Nonetheless, reliability remains an illusion, supported neither by the data provided by the DSM makers themselves nor by outside researchers. The research was marked by a low number of participants and various procedural techniques ensuring that only outcomes favorable to the aim would be reported. Kirk & Kutchins put it this way:

The developers of the DSM-III repeatedly asserted that careful, systematic field trials established the improved scientific reliability of DSM-III. However, important information about the methods and findings of the field trials was never reported. Some of the reports were inconsistent and unclear. The field trials themselves could more accurately be described as uncontrolled, nonrandom surveys in which several hundred self-selected and unsupervised pairs of clinicians throughout the country attempted to diagnose nonrandomly selected patients and, after some sharing of information, made "independent" assessments of these patients.

The triumphant mood around the reliability of the DSM-III was, according to Kirk & Kutchins, structured rhetorically much like a political campaign.

Politics, indeed, very much entered into the matter, as gay activists staged protests at APA conventions to have homosexuality removed from the DSM, and feminists demonstrated to prevent diagnoses specific and disparaging to women from being included. The authors fail to comment that gays and feminists seemed quite content to leave all the other diagnoses unquestioned.

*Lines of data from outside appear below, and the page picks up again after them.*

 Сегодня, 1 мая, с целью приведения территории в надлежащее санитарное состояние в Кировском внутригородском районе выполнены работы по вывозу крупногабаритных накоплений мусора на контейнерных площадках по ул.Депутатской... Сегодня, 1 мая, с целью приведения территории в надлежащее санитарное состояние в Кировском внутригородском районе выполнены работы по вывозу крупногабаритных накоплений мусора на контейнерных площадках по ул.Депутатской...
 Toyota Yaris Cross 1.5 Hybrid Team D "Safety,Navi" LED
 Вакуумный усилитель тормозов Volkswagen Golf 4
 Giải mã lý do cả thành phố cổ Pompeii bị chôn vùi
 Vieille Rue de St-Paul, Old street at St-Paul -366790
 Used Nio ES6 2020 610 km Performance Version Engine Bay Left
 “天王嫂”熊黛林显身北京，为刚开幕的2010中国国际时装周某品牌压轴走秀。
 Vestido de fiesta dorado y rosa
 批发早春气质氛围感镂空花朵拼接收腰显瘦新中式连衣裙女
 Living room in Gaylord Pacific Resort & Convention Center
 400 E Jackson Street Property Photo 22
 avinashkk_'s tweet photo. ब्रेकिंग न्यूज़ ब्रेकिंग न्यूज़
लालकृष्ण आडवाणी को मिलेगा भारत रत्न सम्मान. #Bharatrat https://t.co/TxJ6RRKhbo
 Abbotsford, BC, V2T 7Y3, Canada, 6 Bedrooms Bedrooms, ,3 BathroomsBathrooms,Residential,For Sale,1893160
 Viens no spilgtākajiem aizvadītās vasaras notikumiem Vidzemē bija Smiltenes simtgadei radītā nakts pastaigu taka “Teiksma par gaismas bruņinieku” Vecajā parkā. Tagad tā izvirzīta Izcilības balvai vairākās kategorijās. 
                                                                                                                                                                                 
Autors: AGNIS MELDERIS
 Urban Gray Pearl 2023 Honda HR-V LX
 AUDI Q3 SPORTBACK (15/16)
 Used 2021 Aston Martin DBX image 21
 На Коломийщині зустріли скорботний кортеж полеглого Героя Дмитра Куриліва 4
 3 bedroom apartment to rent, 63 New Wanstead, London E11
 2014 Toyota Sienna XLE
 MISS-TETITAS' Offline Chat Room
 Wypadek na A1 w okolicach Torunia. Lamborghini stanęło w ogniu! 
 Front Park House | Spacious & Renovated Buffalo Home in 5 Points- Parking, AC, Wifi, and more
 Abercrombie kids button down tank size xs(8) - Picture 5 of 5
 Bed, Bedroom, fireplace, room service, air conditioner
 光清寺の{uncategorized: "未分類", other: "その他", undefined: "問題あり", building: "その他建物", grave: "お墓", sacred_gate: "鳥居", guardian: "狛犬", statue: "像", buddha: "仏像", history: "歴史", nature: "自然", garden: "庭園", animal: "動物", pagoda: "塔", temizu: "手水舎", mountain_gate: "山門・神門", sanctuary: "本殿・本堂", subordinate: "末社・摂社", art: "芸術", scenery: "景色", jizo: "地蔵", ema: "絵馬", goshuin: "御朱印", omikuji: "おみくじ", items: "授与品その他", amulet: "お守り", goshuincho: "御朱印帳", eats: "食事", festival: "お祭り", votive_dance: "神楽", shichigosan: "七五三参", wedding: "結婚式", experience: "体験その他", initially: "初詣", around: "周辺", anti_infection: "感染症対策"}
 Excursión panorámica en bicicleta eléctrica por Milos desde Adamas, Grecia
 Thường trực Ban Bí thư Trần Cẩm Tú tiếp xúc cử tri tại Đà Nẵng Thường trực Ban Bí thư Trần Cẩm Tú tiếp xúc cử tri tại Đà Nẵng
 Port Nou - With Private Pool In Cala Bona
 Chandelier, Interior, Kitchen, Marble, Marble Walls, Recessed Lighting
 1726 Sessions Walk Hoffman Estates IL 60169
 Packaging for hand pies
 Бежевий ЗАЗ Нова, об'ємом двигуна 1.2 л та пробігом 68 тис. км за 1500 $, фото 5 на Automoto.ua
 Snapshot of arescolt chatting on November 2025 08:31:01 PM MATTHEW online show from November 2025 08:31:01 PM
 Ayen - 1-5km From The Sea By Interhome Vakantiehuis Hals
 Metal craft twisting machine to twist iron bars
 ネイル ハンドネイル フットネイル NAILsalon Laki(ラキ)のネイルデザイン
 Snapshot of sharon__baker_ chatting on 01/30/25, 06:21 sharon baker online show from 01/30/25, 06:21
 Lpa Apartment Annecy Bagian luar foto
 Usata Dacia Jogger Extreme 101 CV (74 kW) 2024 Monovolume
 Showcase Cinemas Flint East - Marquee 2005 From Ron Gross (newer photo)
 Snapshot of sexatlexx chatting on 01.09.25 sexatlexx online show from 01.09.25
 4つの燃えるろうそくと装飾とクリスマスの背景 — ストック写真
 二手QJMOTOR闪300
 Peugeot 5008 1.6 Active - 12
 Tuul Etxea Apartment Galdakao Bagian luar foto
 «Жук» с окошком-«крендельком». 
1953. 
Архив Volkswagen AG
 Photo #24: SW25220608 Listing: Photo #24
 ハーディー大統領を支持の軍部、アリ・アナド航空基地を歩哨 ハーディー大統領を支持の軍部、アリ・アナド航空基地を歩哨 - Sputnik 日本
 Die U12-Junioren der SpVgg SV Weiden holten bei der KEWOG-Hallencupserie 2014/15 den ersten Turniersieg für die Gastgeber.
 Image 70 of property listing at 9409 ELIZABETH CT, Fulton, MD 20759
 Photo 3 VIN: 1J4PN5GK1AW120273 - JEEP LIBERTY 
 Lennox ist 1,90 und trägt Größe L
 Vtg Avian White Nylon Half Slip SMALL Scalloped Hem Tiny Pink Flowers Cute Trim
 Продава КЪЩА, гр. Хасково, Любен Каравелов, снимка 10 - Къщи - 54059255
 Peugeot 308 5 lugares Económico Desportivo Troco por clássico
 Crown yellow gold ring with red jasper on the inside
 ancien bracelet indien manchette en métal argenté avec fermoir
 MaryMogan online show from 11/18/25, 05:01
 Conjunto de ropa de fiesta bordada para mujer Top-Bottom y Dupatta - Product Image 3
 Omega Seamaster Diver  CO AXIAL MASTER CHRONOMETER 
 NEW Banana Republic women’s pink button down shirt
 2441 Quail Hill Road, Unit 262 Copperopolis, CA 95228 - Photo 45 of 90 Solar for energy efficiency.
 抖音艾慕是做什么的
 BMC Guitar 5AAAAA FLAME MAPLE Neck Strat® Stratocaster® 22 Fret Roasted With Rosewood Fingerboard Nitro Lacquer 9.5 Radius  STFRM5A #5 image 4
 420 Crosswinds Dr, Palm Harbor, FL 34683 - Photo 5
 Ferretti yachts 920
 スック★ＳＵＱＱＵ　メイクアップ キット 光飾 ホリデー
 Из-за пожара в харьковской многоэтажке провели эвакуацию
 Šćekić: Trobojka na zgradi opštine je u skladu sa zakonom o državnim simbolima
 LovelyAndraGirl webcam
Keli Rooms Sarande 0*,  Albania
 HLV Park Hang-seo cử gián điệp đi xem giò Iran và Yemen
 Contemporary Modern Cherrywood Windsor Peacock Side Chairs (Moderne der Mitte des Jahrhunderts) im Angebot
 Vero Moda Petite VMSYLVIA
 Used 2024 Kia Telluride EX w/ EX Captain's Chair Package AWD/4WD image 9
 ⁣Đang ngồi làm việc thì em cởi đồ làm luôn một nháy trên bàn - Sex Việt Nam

So what has psychiatry gained from the revisions in the DSM, besides a false air of science and the accompanying respectability? It has gained regulation of the client flow (meaning that psychiatrists control who they take on); the power to attain certain services or protections for their clients; acquisition of fiscal resources (otherwise known as tax money) and reimbursement from insurance companies; rationalization of decision-making; and the fulfillment of a political agenda. That magic word reliability, which supposedly was what the DSM-III was all about, dropped out of the APA's vocabulary at the very next revision.